Я есмь дверь… - страница 28



Больше всего таких «подснежников» было среди замерзших на промысле замерщиц. Там качалки работали круглосуточно и в любую погоду давили из земли черную-черную кровь. А еще «весенними цветочками» были не дошедшие до крова пьяницы. Они тонули, как правило, вдоль дорог.

Но Ванечке не суждено было здесь упокоиться до весенних оттепелей. Какая-то неведомая сила вытащила его за цигейковый воротник из теплой и мягкой могилы. Уже на верху оврага он где-то ногами, где-то ползком по проулку добрался до своих дверей с четырьмя булками хлеба. Две из них по 22 копейки, две по 16.

* * *

До «Объекта 700» шли в соответствии с заданным режимом скорости. Метеорологические условия своевременно должны были позволить увидеть наземную мишень, и бомбометание должно было пройти в заданном режиме с высокой точностью.

Бомба, согласно контрольной карте, должна была упасть в точку со странным названием «Маточкин шар». После сброса бомбы экипаж приготовился к проходу светового излучения и ударной волны.

Они отключили автопилот, перешли на ручное управление, зашторили окна кабины, надели темные светозащитные очки и приступили к дыханию чистым кислородом. Но в любом случае ощутили очень яркую вспышку, затем пришла первая сильная ударная волна, вторая была слабее, третья – еще слабее.

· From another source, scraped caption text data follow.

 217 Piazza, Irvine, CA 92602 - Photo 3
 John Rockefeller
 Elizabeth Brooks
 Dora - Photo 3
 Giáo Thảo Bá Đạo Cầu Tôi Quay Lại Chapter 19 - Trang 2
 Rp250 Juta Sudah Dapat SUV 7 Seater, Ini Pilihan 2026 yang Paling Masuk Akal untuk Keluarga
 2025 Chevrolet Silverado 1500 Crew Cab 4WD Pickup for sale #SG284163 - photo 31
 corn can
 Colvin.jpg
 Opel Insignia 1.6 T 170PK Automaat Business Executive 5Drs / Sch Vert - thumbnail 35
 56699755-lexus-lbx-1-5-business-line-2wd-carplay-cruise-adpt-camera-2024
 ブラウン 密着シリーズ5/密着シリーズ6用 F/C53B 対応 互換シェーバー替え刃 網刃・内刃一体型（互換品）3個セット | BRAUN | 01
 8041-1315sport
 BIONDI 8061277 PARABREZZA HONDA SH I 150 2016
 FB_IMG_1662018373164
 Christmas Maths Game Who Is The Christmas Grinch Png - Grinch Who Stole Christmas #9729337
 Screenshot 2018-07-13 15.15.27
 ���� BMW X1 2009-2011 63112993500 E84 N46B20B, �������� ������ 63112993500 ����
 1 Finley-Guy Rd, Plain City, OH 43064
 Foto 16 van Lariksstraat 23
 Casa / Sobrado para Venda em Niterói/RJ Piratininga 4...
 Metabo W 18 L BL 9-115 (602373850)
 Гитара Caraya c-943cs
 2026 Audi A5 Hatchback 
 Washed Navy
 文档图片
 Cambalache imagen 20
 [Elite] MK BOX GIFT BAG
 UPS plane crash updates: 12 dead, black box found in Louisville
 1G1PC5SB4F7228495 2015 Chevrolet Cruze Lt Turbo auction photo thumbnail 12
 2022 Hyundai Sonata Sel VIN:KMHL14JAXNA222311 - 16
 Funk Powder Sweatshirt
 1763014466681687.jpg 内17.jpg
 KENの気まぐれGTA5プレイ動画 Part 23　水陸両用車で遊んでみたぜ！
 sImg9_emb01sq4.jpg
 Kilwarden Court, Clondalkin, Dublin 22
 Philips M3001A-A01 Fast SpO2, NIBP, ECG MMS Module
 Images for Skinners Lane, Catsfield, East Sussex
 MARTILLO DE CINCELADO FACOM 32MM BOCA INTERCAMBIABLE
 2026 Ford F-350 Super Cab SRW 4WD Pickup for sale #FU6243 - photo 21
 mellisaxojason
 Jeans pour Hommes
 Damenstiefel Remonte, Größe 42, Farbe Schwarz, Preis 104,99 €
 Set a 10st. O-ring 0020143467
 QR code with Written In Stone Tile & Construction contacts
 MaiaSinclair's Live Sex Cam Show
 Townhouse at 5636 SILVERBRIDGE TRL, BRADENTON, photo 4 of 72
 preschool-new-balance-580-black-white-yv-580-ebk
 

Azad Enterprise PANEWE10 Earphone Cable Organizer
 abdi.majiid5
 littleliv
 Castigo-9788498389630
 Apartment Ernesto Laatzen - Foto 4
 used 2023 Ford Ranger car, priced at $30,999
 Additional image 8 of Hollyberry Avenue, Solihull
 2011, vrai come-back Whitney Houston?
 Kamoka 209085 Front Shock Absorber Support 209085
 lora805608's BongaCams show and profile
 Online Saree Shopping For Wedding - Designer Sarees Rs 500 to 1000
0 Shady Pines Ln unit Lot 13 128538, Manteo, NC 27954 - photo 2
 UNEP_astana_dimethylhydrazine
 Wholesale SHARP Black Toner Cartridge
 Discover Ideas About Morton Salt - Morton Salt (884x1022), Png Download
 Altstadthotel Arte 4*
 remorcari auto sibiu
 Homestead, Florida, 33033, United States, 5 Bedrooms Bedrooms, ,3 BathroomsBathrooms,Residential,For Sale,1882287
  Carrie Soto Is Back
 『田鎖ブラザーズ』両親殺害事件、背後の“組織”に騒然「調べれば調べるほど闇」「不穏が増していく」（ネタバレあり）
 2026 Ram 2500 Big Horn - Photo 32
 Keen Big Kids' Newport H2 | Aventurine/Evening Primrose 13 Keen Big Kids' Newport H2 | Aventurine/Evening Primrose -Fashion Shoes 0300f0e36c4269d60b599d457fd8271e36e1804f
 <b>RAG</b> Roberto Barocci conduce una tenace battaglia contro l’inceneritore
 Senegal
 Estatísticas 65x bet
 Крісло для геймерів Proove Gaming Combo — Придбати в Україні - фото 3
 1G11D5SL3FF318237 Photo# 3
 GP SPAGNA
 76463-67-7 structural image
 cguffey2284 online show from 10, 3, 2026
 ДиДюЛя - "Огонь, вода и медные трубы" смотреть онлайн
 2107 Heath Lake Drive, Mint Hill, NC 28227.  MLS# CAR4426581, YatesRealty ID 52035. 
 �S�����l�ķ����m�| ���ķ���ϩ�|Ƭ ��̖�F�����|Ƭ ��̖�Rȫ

Внутри самолета непонятно откуда появилась пелена пыли. Иван визуально наблюдал за развитием облака – пелена от взрыва быстро поднялась на высоту полета и стала разрастаться в гриб. Он воочию видел смерть, и она была серебряной. И даже чудилось, что ее можно потрогать. Было ощущение, что он причастен к ее сотворению. И в этот момент ему почему-то вспомнился тот самый бородатый, в телогрейке, попутчик в плацкартном вагоне и его непонятный сказ о голове и блюде. Экипаж прошел санобработку в специально подготовленном для них помещении. Иван пошел в штаб для подготовки донесения.

* * *

Ваня еле-еле достал свои ноги в отцовских портянках, которые от воды и снега стали, как деревянные колодки. Он портянки распрямил и бросил на трубу парового отопления. Труба мгновенно зашипела, а в дыру валенка уже пролез не один палец, а весь кулак. Внутри себя Ванечка уже не ощущал благого вестника. Серебряную монетку он все же потерял и сейчас, сидя около горячей трубы в потемках, думал пойти ее искать, но понимал даже своим детским умом, что это невозможно и глупо. Во рту у него до сих пор было липко и сладко, а вот 20 копеек было жалко. Это ведь целая булка черного хлеба, да еще и со сдачей!

Ванечка большим ножом, как это делала мама, разрезал булку черного вдоль, потом наломал кусками и замочил все это в кастрюле с теплой водой, через пять минут отжал и понес курочкам. Голодные замерзшие куры – это еще то зрелище. В маленьком помещении, где они жили свой век, под потолком горела самая слабая лампочка. Для них это и было солнышко, которое какое-то тепло приносило к их телам. Ванечка вскипятил чайник и вроде как под чай отрезал себе горбушку белого хлеба, полил ее постным маслом и посолил, из кастрюли достал вчерашнюю одеревенелую вареную картошку и всем этим отобедал.

Завтра уже заканчивались зимние каникулы, а в школу ему предстоит проделать примерно тот же самый путь. Вообще он любил школу, особенно после каникул, когда все тетрадки были чистенькими и пахли по-особенному. Ванечка всегда при этом сам себе обещал, что будет в них писать ровно и без помарок, но без помарок и ошибок никогда не получалось.